A Lisboa do futuro que o MAAT propõe é feita para ser vista e tocada. Tem mirante no forro e, na entrada, escada que desce até as águas do rio. Neste calorão de agosto, foi refrescante sentar ali e tirar os sapatos para mergulhar os pés no Tejo.
A exposição Utopia/Distopia terminou essa semana, mas outra obra questionadora está em cartaz até 18 de setembro. Na instalação Eu Nunca Tinha Sido Surrealista Até o Dia de Hoje, o artista cubano Carlos Garaicoa explora as relações reais e imaginárias entre homem e urbanismo.
No outro prédio, este do começo do século 20, que abrigava o antigo Museu da Eletricidade, o português João Onofre usa tecnologia para brincar com a luz nos espaços urbanos, aproveitando a antiga sala das caldeiras – que está lá, exposta.
Terminada a visita ao MAAT, talvez seja o caso de curtir o fim da tarde no vizinho SUD. O empreendimento, aberto em julho, tem restaurante e uma piscina no terraço com vista para a Ponte 25 de Abril, um cartão-postal lisboeta. O acesso custa 35 euros por pessoa: sudlisboa.com.
Belém, bairro onde está o MAAT, é endereço de pontos turísticos clássicos: Torre de Belém, Padrão dos Descobrimentos, Mosteiro dos Jerônimos, a confeitaria que faz pastéis de nata desde 1837. E tem um atrativo que os turistas deixam passar: no verão, até 8 de setembro, o ótimo Centro Cultural do Belém (ccb.pt) apresenta música e cinema no jardim, gratuitamente.
Rabiscos. Do Belém, fui a pé (1,3 quilômetro; a alternativa é pegar o elétrico 15) até o LX Factory (lxfactory.com), em Alcântara. As paredes grafitadas entregam o clima geral das lojas, restaurantes, ateliês e um hostel instalados nos galpões do século 19, que foram uma tecelagem e hoje formam um dos endereços mais descolados de Lisboa.

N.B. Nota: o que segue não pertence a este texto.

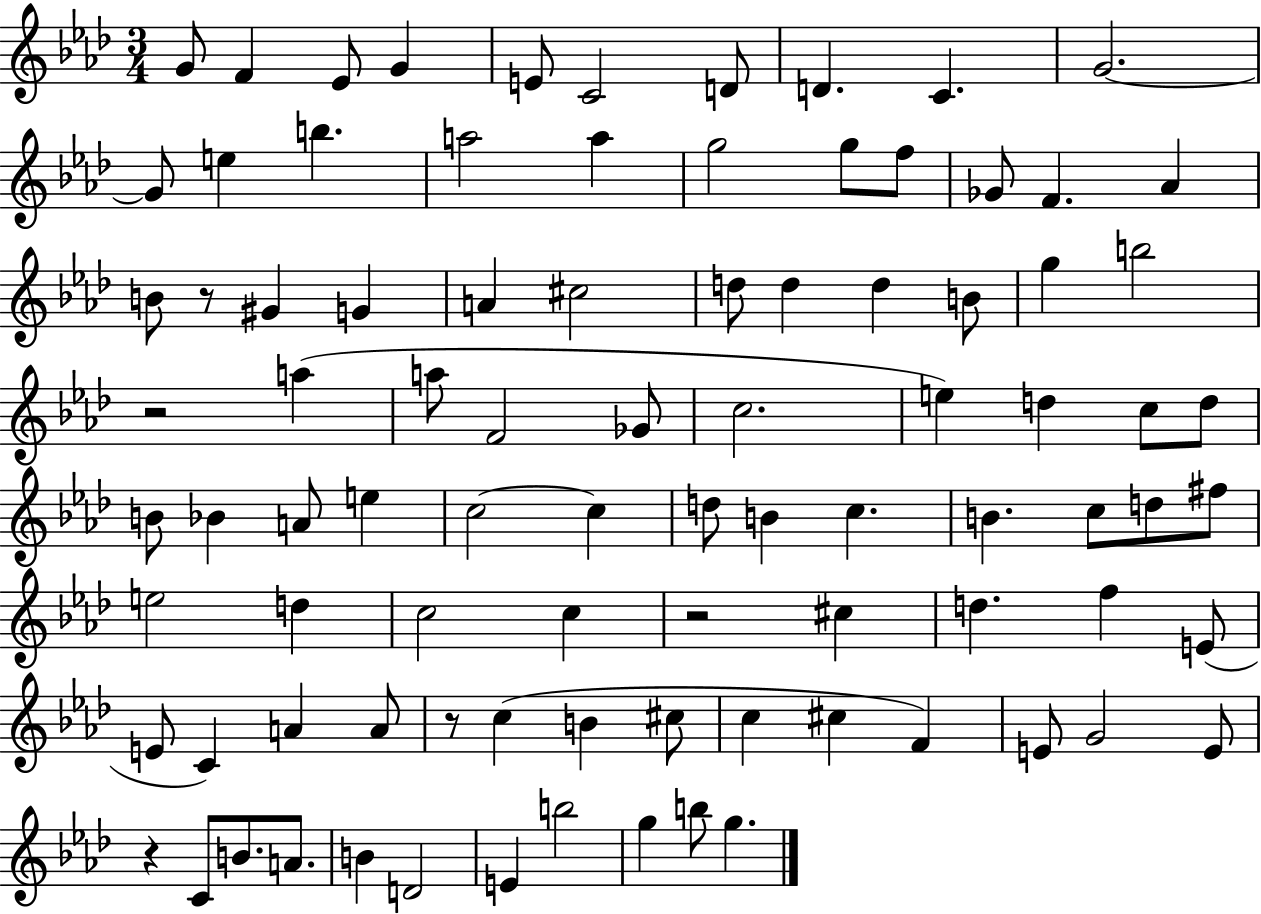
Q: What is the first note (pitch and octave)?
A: G4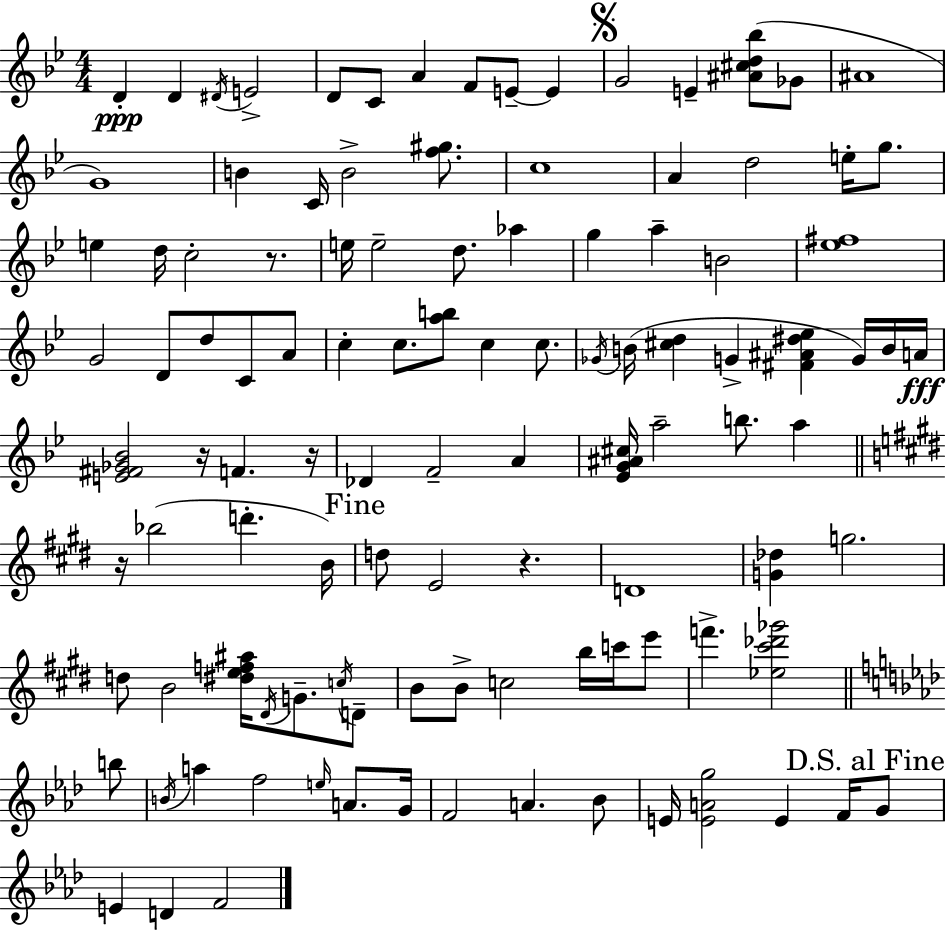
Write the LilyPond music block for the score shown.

{
  \clef treble
  \numericTimeSignature
  \time 4/4
  \key g \minor
  d'4-.\ppp d'4 \acciaccatura { dis'16 } e'2-> | d'8 c'8 a'4 f'8 e'8--~~ e'4 | \mark \markup { \musicglyph "scripts.segno" } g'2 e'4-- <ais' cis'' d'' bes''>8( ges'8 | ais'1 | \break g'1) | b'4 c'16 b'2-> <f'' gis''>8. | c''1 | a'4 d''2 e''16-. g''8. | \break e''4 d''16 c''2-. r8. | e''16 e''2-- d''8. aes''4 | g''4 a''4-- b'2 | <ees'' fis''>1 | \break g'2 d'8 d''8 c'8 a'8 | c''4-. c''8. <a'' b''>8 c''4 c''8. | \acciaccatura { ges'16 }( b'16 <cis'' d''>4 g'4-> <fis' ais' dis'' ees''>4 g'16) | b'16 a'16\fff <e' fis' ges' bes'>2 r16 f'4. | \break r16 des'4 f'2-- a'4 | <ees' g' ais' cis''>16 a''2-- b''8. a''4 | \bar "||" \break \key e \major r16 bes''2( d'''4.-. b'16) | \mark "Fine" d''8 e'2 r4. | d'1 | <g' des''>4 g''2. | \break d''8 b'2 <dis'' e'' f'' ais''>16 \acciaccatura { dis'16 } g'8.-- \acciaccatura { c''16 } | d'8-- b'8 b'8-> c''2 b''16 c'''16 | e'''8 f'''4.-> <ees'' cis''' des''' ges'''>2 | \bar "||" \break \key f \minor b''8 \acciaccatura { b'16 } a''4 f''2 \grace { e''16 } | a'8. g'16 f'2 a'4. | bes'8 e'16 <e' a' g''>2 e'4 | f'16 \mark "D.S. al Fine" g'8 e'4 d'4 f'2 | \break \bar "|."
}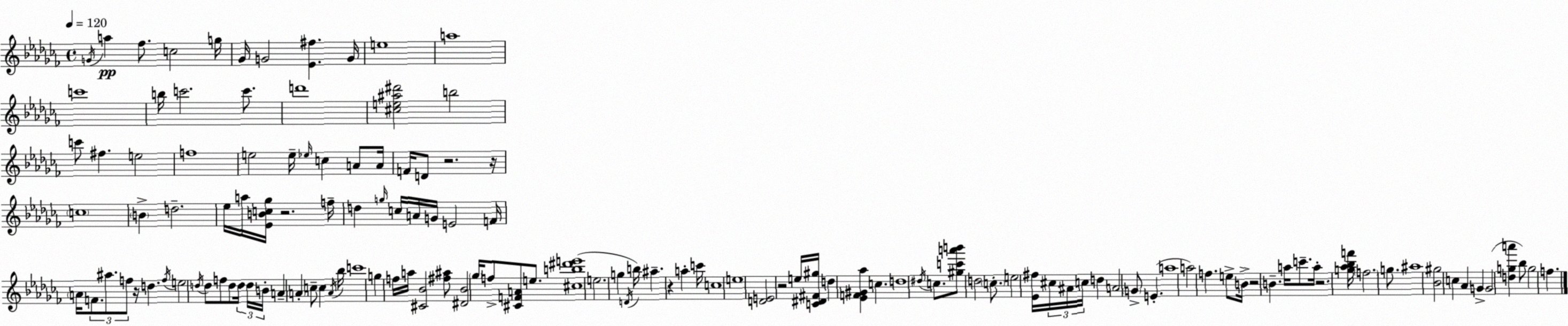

Meu objetivo ali era comprar presentes na loja Bairro Arte (bairroarte.com) e fazer uma tatuagem no estúdio Queen of Hearts, que havia sido recomendado. Mas, sem agendamento prévio, não consegui meus rabiscos na pele. Faça o seu: bit ly/queentattoo.
Os hambúrgueres da Burger Factory estão entre os melhores da cidade, e foi em um deles que me joguei para compensar a frustração. Com batata frita e cerveja, gastei ¤ 11,50. Difícil não ser feliz.